風来庵風流記

縁側で、ひなたぼっこでもしながら、あれこれ心に映るよしなしごとを、そこはかとなく書き綴ります。

ペリーがやって来た

2009-12-04 00:38:37 | たまに文学・歴史・芸術も
 今日も「ペリー提督日本遠征日記」からの引用です。辛うじて長崎・出島に西洋に開かれた窓があって、西洋の文物が部分的に流入していましたが、一般庶民は文明の波に洗われていない当時、ペリーの目に日本及び日本人はどのようなものとして映じていたでしょうか。
 ペリー艦隊には、マルコ・ポーロの「東方見聞録」以降、日本に関して欧米で著された750冊(!?)もの本が、パリ、ロンドン、アムステルダムの古本屋から買い集められて積み込まれており、ペリーは、航海中、これらの本をくまなく読んで、入念に準備していたようです。

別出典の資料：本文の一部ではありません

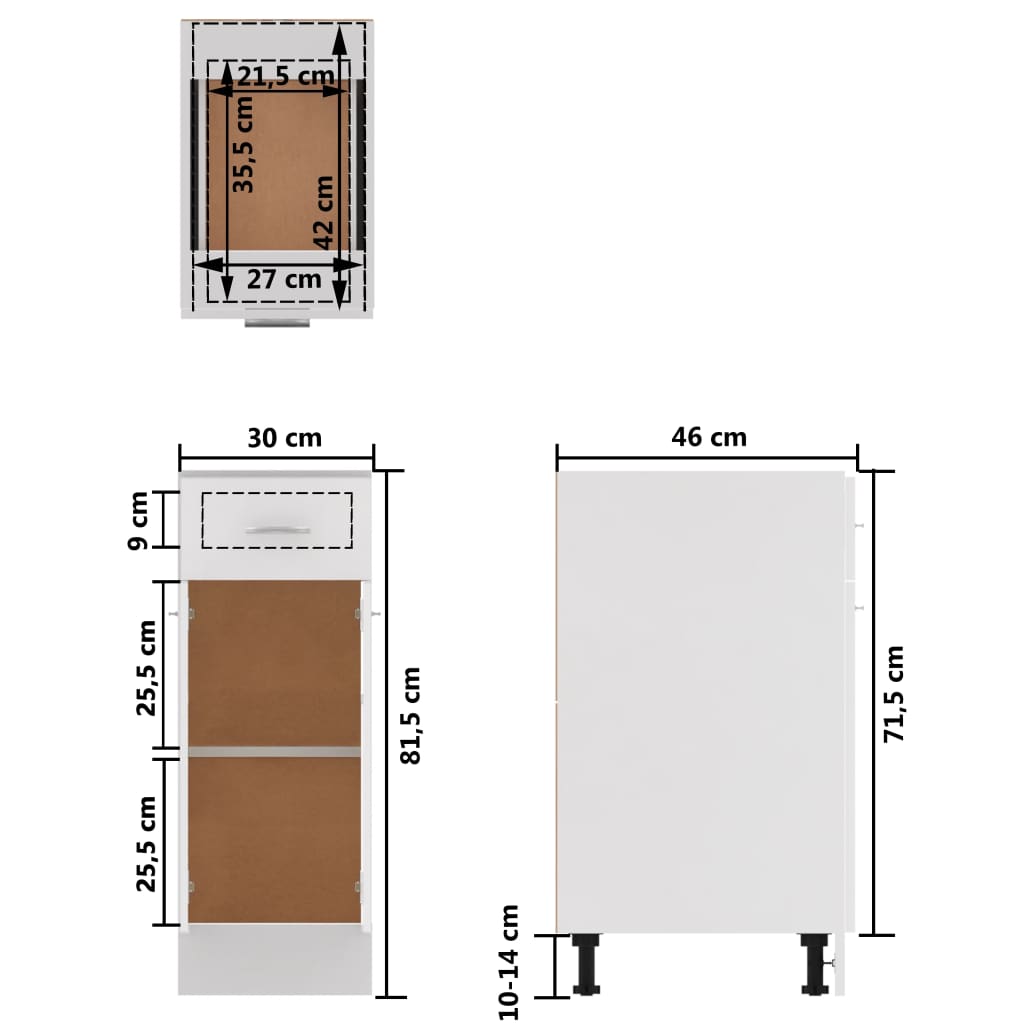 vidaXL sahtliga alumine köögikapp valge 30x46x81,5 cm, tehispuit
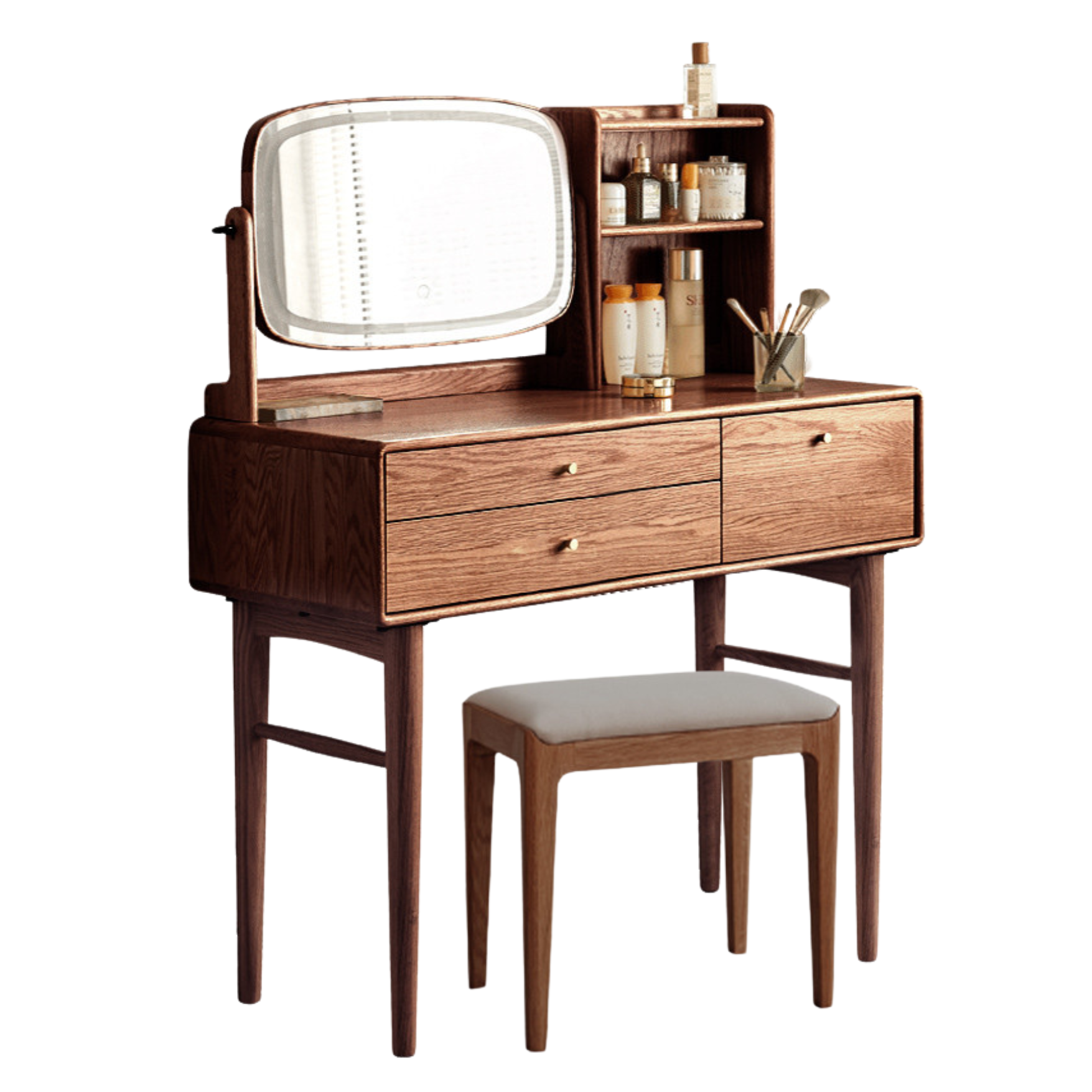 Oak, Ash Solid Wood Vanity Table Lighted Makeup Mirror.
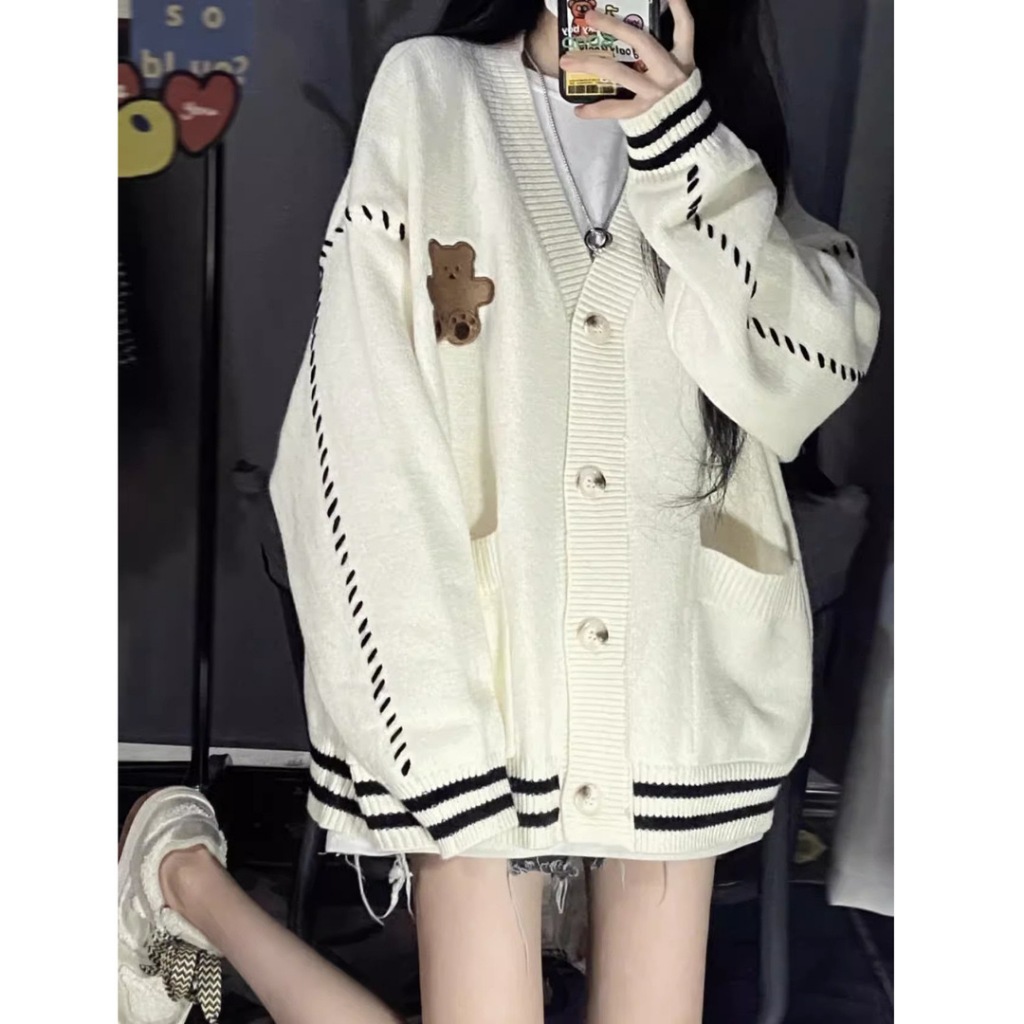 เสื้อคลุมคาร์ดิแกน ปักลายหมี น่ารัก เนื้อผ้านิ่ม สวมใส่สบาย รุ่นใหม่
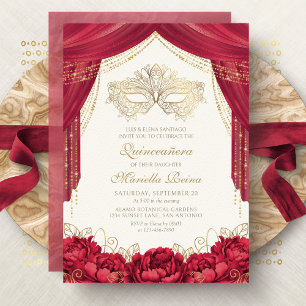 Invitation Masque de Mascarade Rouge Moderne Quinceanera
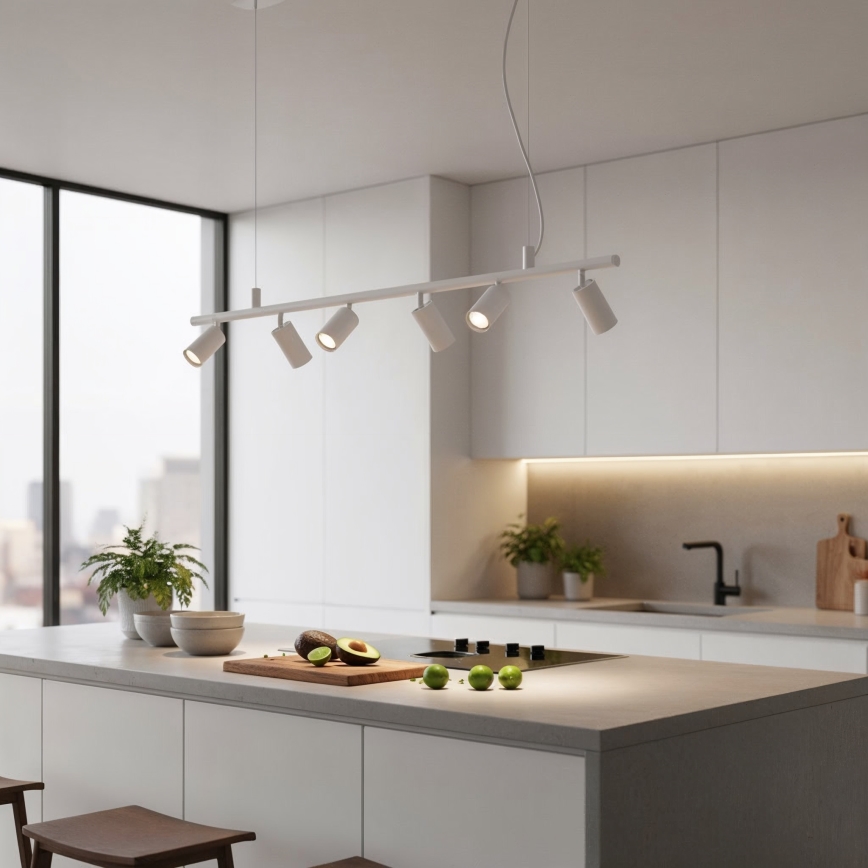 Ideal Lux - LED-Hängeleuchte DYNAMITE 6xGU10/7W/230V CRI 90 weiß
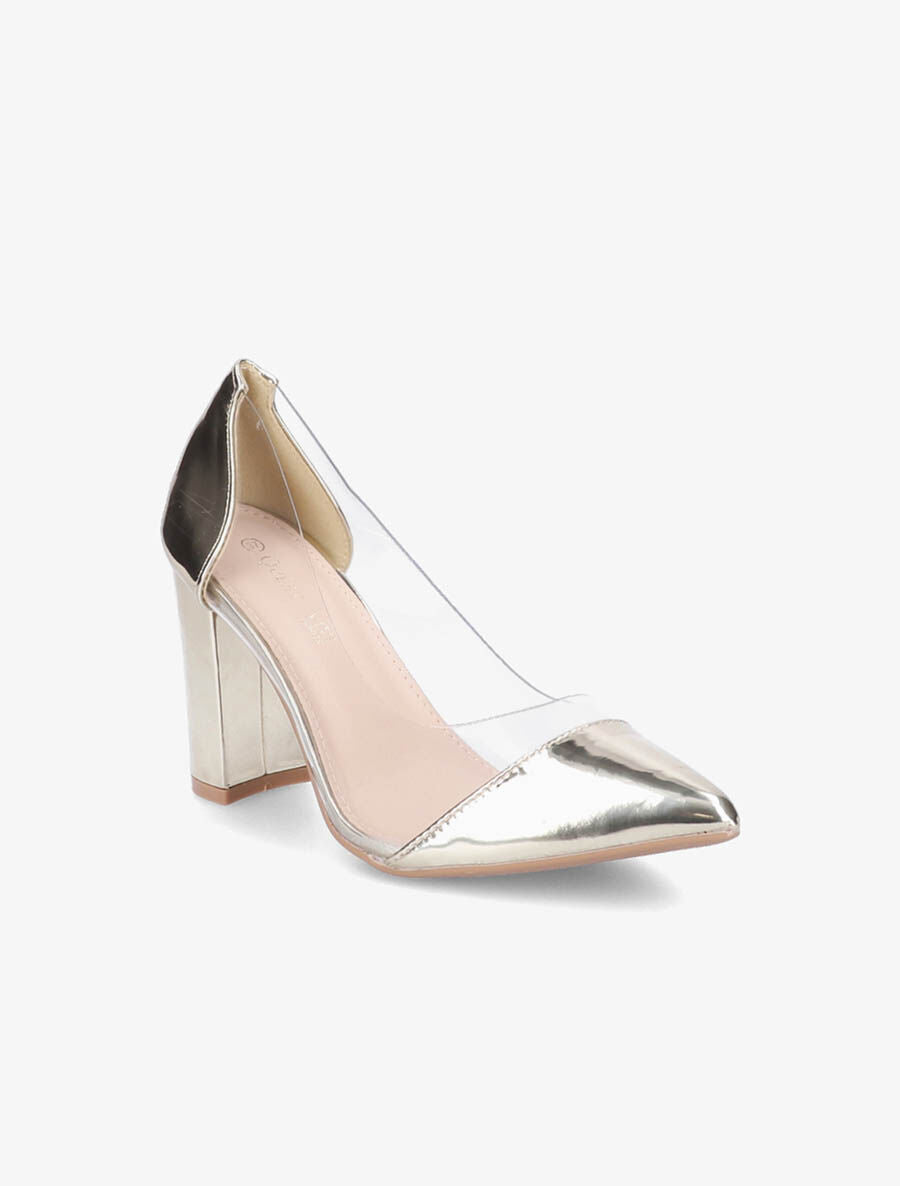 Escarpins vernis en plexi à talon carré - Or - 2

そしてどこでどう植え付けられたか、日本人のことを「二枚舌で有名な人々」、「非常に賢明かつ狡猾な人々」、「詭弁や外交的な誤魔化しにおいて、日本及びその属国(沖縄など)の人民の右に出る者はない」といった先入観をもって交渉に臨んでいます。
 ペリーの使命は、「他国同様に日本とも親善関係を結ぶこと、とりわけ蒸気機関の登場によってもはや遠い国ではなくなり、商業面で友好関係を育てること、それに伴い米国の船員その他の一般市民に保護を与えること」というのが公式声明として知られますが、「これまで外交と名のつくものを悉く排除する権利を主張してきた」「この極めて特異な国」と「有利な契約を結び」、「半野蛮の国を文明諸国の仲間に迎える」ことだとまで傲慢に本音を語ります。しかしそのわりには、交渉にあたって「与し易いと侮られるより、融通のきかない頑固者を演じた方が良い」と細心の注意を払い、武力を背景とした威嚇や脅迫も交渉のテクニックとして使い、最後は「これほど頑固に振舞ったことで、傲慢のそしりを免れない」と率直に認めるほど、蔑視する気持ちとある種の敬意を払う気持ちが交錯したアンビバレントな心情であったことが読み取れます。アメリカ自身が後発の先進国として決して強くない立場にあったことが影響しているかのようです。
 交渉の過程では、「何度も逃げを打とうとする」、「さんざん逃げ口上を述べる」日本人が、最初から最後まで、「形式や語句の使い方など、ほとんど意味のないことでしつこく注文をつけてくる」対応に辟易しながらも、ついには、日本人のことを「形式と礼儀を重んじる人々」、「部外者に対しては勿論、仲間内でも、日本人ほど丁重に礼儀正しく振舞う国民は世界中どこにもいにない」という印象を持つに至ります。
 彼はまた日本人の並外れた好奇心に驚いています。アメリカ大統領からの贈答品として、丸い軌道の線路を引いてミニ機関車を走らせたり、直線距離で1マイルの電信線を引いて交信して見せたり、農具を陳列するなどすると、「日本人は興奮し」、「魂を奪われたように眺めている」と描写しています。そして「展示品をこと細かに観察するだけでは飽き足らず、アメリカ人士官や乗組員の後をついて周り、機会さえあれば衣服に触ってみようとする」、「中でも一番興味を引いたのはボタンで、それを何とか手に入れようとする」とあります。「アメリカの艦船に乗艦を許されると、近づけるところは隅々まで覗き込み、あちらこちらの寸法を測り、目に触れるものは何でも独特の流儀で写生する」・・・何だか目に浮かぶような光景で、どれもこれも、文明圏の周辺にあったからこそ文明への憧れがあるわけですが、文明度に差があり過ぎれば当時最新の科学技術に興味をもつことなどあり得ないわけで、当時の日本は閉じた世界なりに成熟していたことが分かります。中国のアヘン戦争を見て日本人が最も恐れた欧米諸国による植民地化を、奇跡的にもアジアでは唯一回避し得た歴史的事実には、ワケがあるのですね。
 当時、ペリーの蒸気船は上喜撰(宇治の高級茶)に引っ掛けられ、太平の眠りを覚ます蒸気船(上喜撰)たった四杯で夜も眠れずと歌われました。一種の(文明の)津波でもあったわけです。上の写真は、2004年12月26日、プーケット島を襲ったことで有名な津波が、ランカウィ島に残した傷跡です。